8.8 Where the Client requests the re-use of existing materials or the supply of third-party materials (including, but not limited to, granite or stainless-steel bench tops, appliances, and/or sinks), no responsibility shall be taken by the Seller for the appearance, service or performance of the materials.
8.9 Where the contract does not include installation of Goods by the Seller, the Seller shall not be liable for any defect or damage resulting from incorrect or faulty installation.
8.10 Unless otherwise specified by the Seller in writing, the removal and replacement of wall tile is limited to utilising the existing wall surfaces. If replacement, relining or excessive repair work of the wall is required, the Seller may charge the Client the cost to the Seller in doing such Services plus twenty percent (30%).
9.1 The Seller shall be entitled to rely on the accuracy of any plans, specifications and other information provided by the Client. The Client acknowledges and agrees that in the event that any of this information provided by the Client is inaccurate, the Seller accepts no responsibility for any loss, damages, or costs however resulting from these inaccurate plans, specifications or other information.
9.2 In the event the Client gives information relating to measurements and quantities of the Goods required to complete the Services, it is the Client’s responsibility to verify the accuracy of the measurements and quantities, before the Client or the Seller places an order based on these measurements and quantities. The Seller accepts no responsibility for any loss, damages, or costs however resulting from the Client’s failure to comply with this clause.
10.1 The Client shall ensure that the Seller has clear and free access to the work site at all times to enable them to undertake the Services. The Seller shall not be liable for any loss or damage to the site (including, without limitation, damage to pathways, driveways and concreted or paved or grassed areas) unless due to the negligence of the Seller.

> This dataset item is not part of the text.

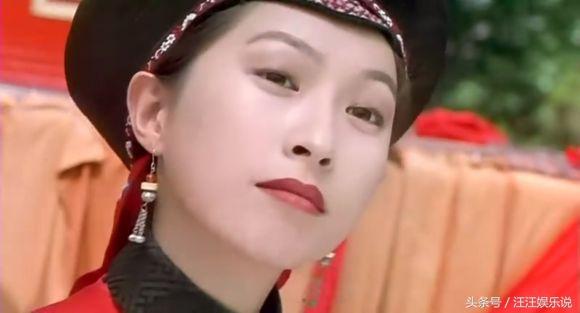 她是學歷最高的港姐冠軍，結婚18年無子被老公寵成少女，50歲美翻!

11.1 Prior to the Seller commencing any work the Client must advise the Seller of the precise location of all underground services on the site and clearly mark the same. The underground mains & services the Client must identify include, but are not limited to, electrical services, gas services, sewer services, pumping services, sewer connections, sewer sludge mains, water mains, irrigation pipes, telephone cables, fibre optic cables, oil pumping mains, and any other services that may be on site.
11.2 Whilst the Seller will take all care to avoid damage to any underground services the Client agrees to indemnify the Seller in respect of all and any liability claims, loss, damage, costs and fines as a result of damage to services not precisely located and notified as per clause 12.2.

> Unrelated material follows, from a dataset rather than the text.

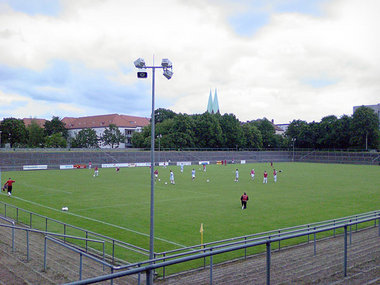 Die städtische Wohnungsbaugesellschaft als Sponsor des Freizeits...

12.1 The Client and the Seller shall comply with the provisions of all statutes, regulations and bylaws of government, local and other public authorities that may be applicable to the Services.
12.2 The Client shall obtain (at the expense of the Client) all licenses and approvals that may be required for the Services.

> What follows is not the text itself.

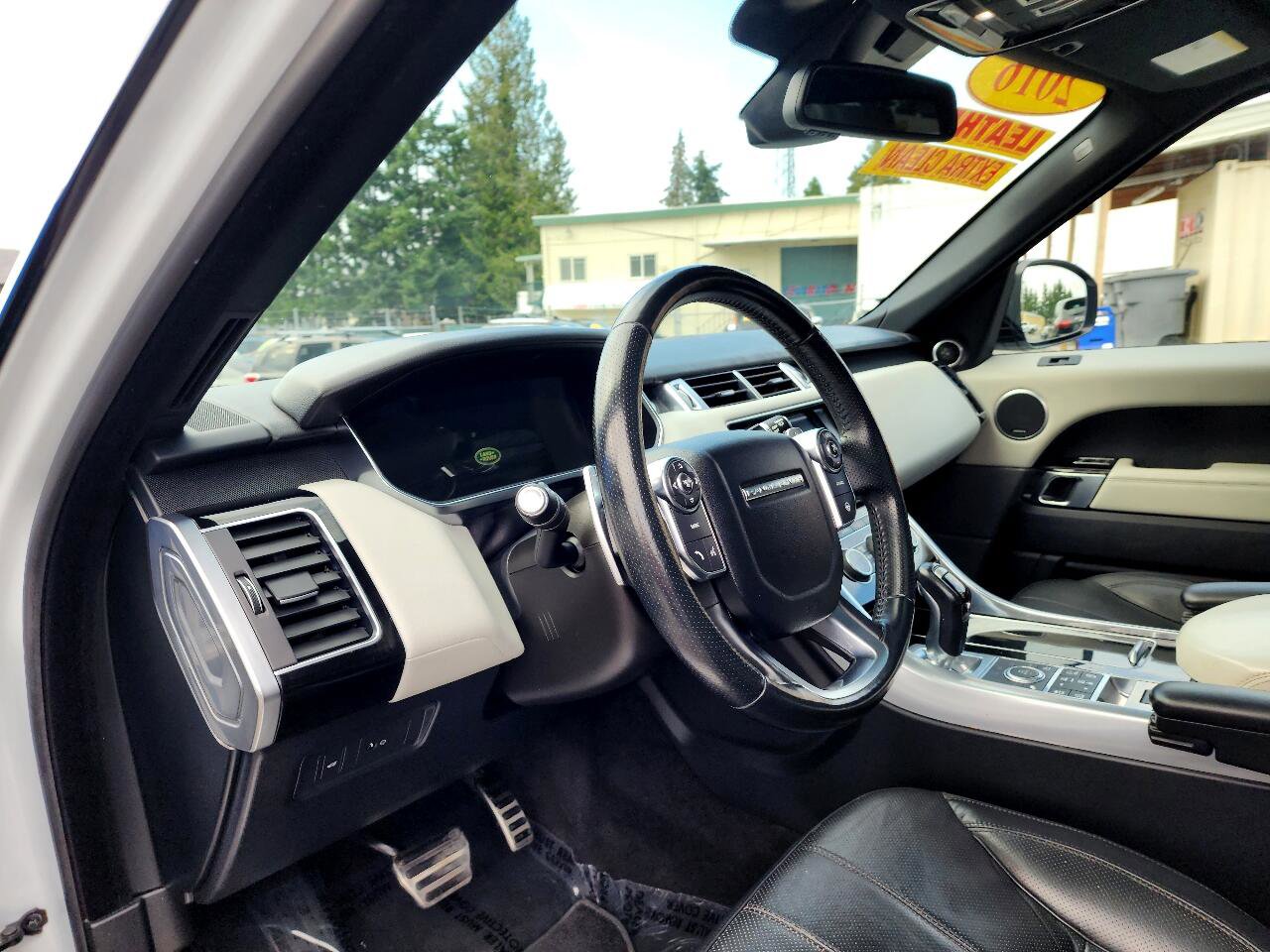 Used 2016 Land Rover Range Rover Sport Supercharged image 15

12.3 The Client agrees that the site will comply with any occupational health and safety laws relating to building/construction sites and any other relevant safety standards or legislation.
13.1) The Seller and the Client agree that ownership of the Goods shall not pass until:
- the Client has paid the Seller all amounts owing to the Seller; and
- the Client has met all of its other obligations to the Seller.
13.2 Receipt by the Seller of any form of payment other than cash shall not be deemed to be payment until that form of payment has been honored, cleared or recognised.
13.3) It is further agreed that until ownership of the Goods passes to the Client in accordance with clause 14.1:
- the Client is only a bailee of the Goods and must return the Goods to the Seller on request;
- the Client holds the benefit of the Client’s insurance of the Goods on trust for the Seller and must pay to the Seller the proceeds of any insurance in the event of the Goods being lost, damaged or destroyed;
- the Client must not sell, dispose, or otherwise part with possession of the Goods other than in the ordinary course of business and for market value. If the Client sells, disposes or parts with possession of the Goods then the Client must hold the proceeds of any such act on trust for the Seller and must pay or deliver the proceeds to the Seller on demand;
- the Client should not convert or process the Goods or intermix them with other goods but if the Client does so then the Client holds the resulting product on trust for the benefit of the Seller and must sell, dispose of or return the resulting product to the Seller as it so directs;
- the Client irrevocably authorises the Seller to enter any premises where the Seller believes the Goods are kept and recover possession of the Goods;
- the Seller may recover possession of any Goods in transit whether or not Delivery has occurred;
- the Client shall not charge or grant an encumbrance over the Goods nor grant nor otherwise give away any interest in the Goods while they remain the property of the Seller; and
- the Seller may commence proceedings to recover the Price of the Goods sold notwithstanding that ownership of the Goods has not passed to the Client.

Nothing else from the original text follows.